If you have zero resistence then you have zero voltage.
Power, stated in watts is:
P = I^2 R(amperage squared times resistence). No resistence no power. No power no work.
Why can't you have a conductor with zero resistence? Because voltage is really electrons traveling through the conductor. They are (obviously) electrically charged. They are alternatively repelled by each other and attracted to the positively charged metal ion lattice in the conductor. They don't travel in a straight line from Point A to Point B - they wander. It's a lot more complex in E&M theory but that's resistence. If you get rid of the cause, electric and magnetic fields, you don't have electricity...but you do have no resistence (there's nothing to "resist"
).
The "sine wave" is really just an electrical trace on an oscilloscope of AC voltage or amperage. Its a graphical image of the phase, direction and magnitude of the current. It looks like a series of the letter "S" laying on their sides.
It shows the voltage building up from zero to peak (positive) voltage and then decaying back to zero and down the slope to peak (negative) voltage as the current switches directions in the conductor. They voltage alternates (thus AC - alternating current) 360 degrees peak-to-peak as the commutator in the generator rotates through 360 degrees. If you slide the trough of one half of the cycle over so that its two ends connect with the two ends of the top half of the cycle you'd have a 360 degree elipse.
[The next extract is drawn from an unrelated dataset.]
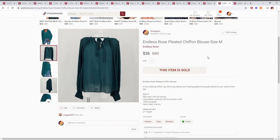Up next is this Endless Rose item. This is also outside of the window but since I make the rules it can stay in. This was out of a thredUP box, so only about $3 cost, and we sold it for $36. After Poshmark fees and everything we probably made about $20 off this.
Why did AC win out over DC for long distance transmission?
Back to Ohm's Law. P=I^2 R
That's power in once sense but it is also a way of measuring line loss in watts. Obviously you don't want to have a lot of line loss when you are delivering your product, electricity, to your customers. Someone has to pay for that inefficiency - that "someone" is the customer.
AC is transmitted at high voltage and low amperage. In our power loss equation amperage is squared. So you want to keep amperage as low as possible during long line transmission. It's a fairly easy task to generate high voltage low amperage AC current.
Unfortunately, it is difficult and inefficient to try to force DC out at high voltage and low amperage. DC wants to come out just the opposite - high amperage and low voltage. And there's the rub - the line loss is a function of the square of the amperage.